PROBLEM REQUIREMENTS:
For this exercise, restate word for word only the lines from the one containing "开云体育的市场分析报告揭示了行业未来的发展趋势" through the last line below. Pictures do not get copied.
___
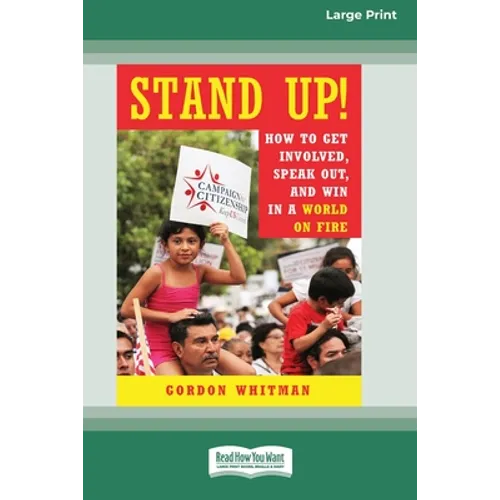 Stand Up!: How to Get Involved, Speak Out, and Win in a World on Fire [16 Pt Large Print Edition]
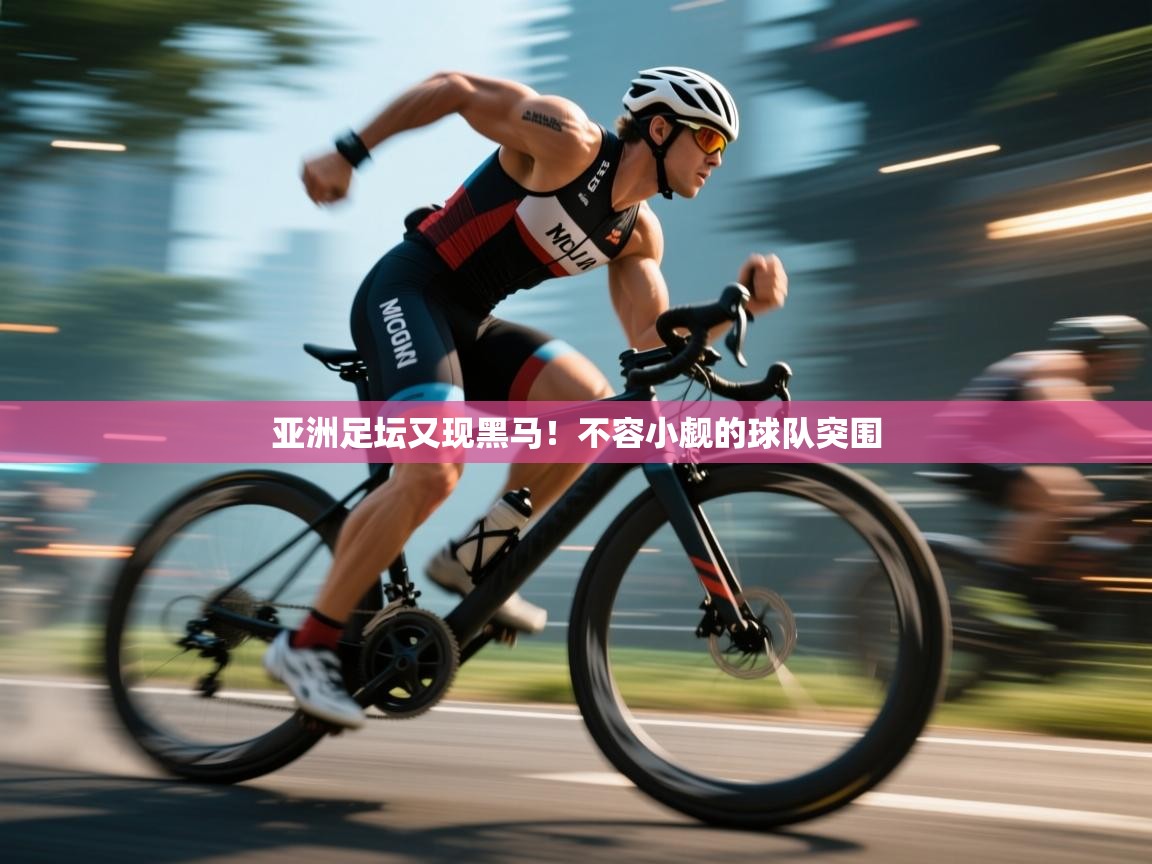 亚洲足坛又现黑马！不容小觑的球队突围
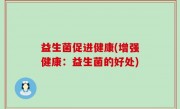 益生菌促进健康(增强健康：益生菌的好处)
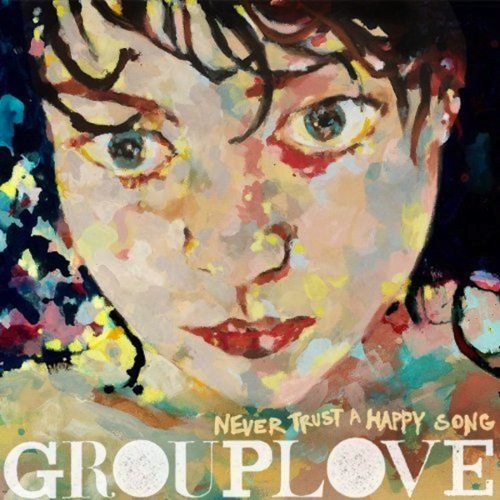 grouplove-never-trust-a-happy-song.jpg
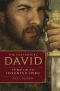 The Historical David · The Real Life of an Invented Hero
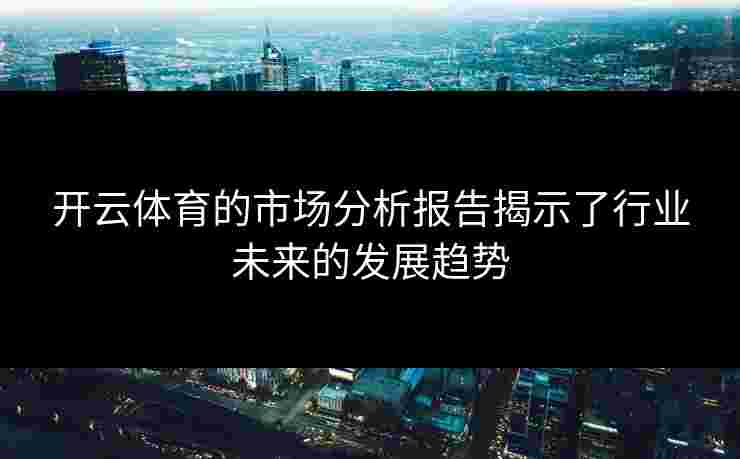 开云体育的市场分析报告揭示了行业未来的发展趋势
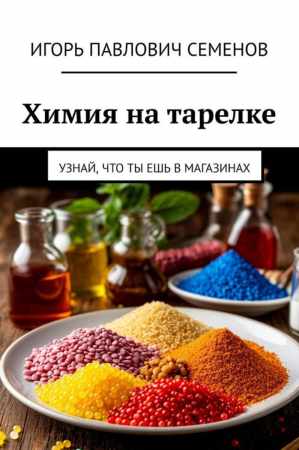 Игорь Семенов. Химия на тарелке. Узнай, что ты ешь в магазинах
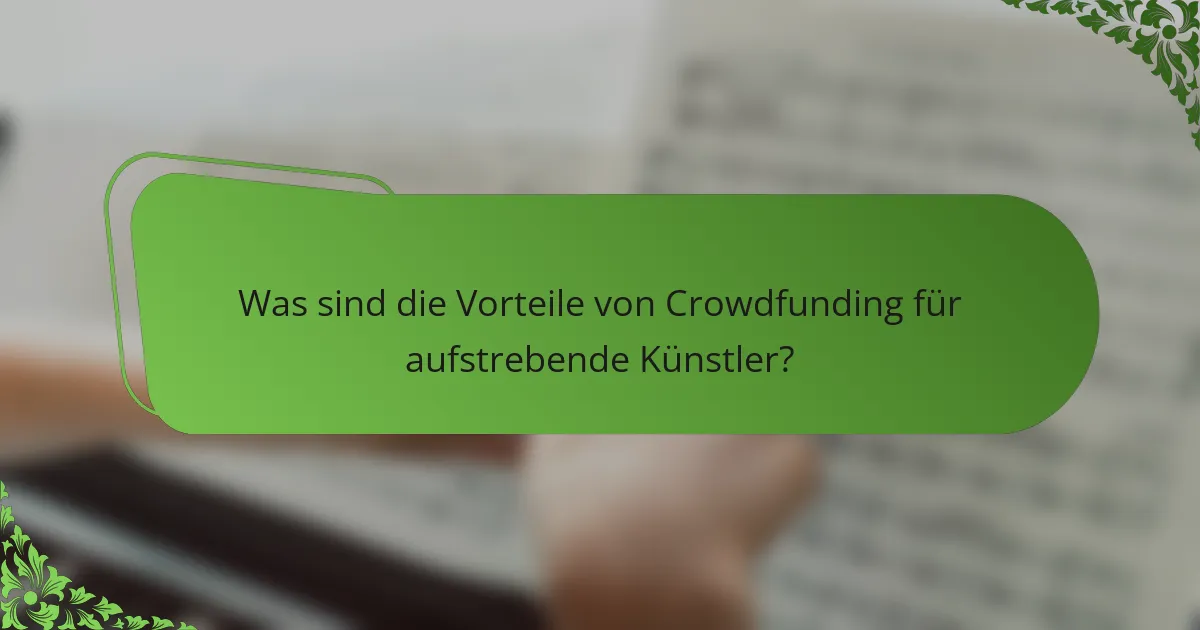 Was sind die Vorteile von Crowdfunding für aufstrebende Künstler?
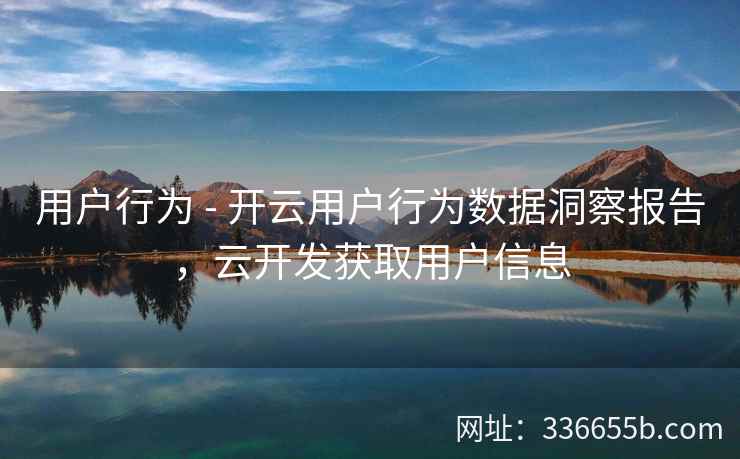 用户行为 - 开云用户行为数据洞察报告，云开发获取用户信息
___
RESPONSE AREA:
 开云体育的市场分析报告揭示了行业未来的发展趋势
 Игорь Семенов. Химия на тарелке. Узнай, что ты ешь в магазинах
 Was sind die Vorteile von Crowdfunding für aufstrebende Künstler?
 用户行为 - 开云用户行为数据洞察报告，云开发获取用户信息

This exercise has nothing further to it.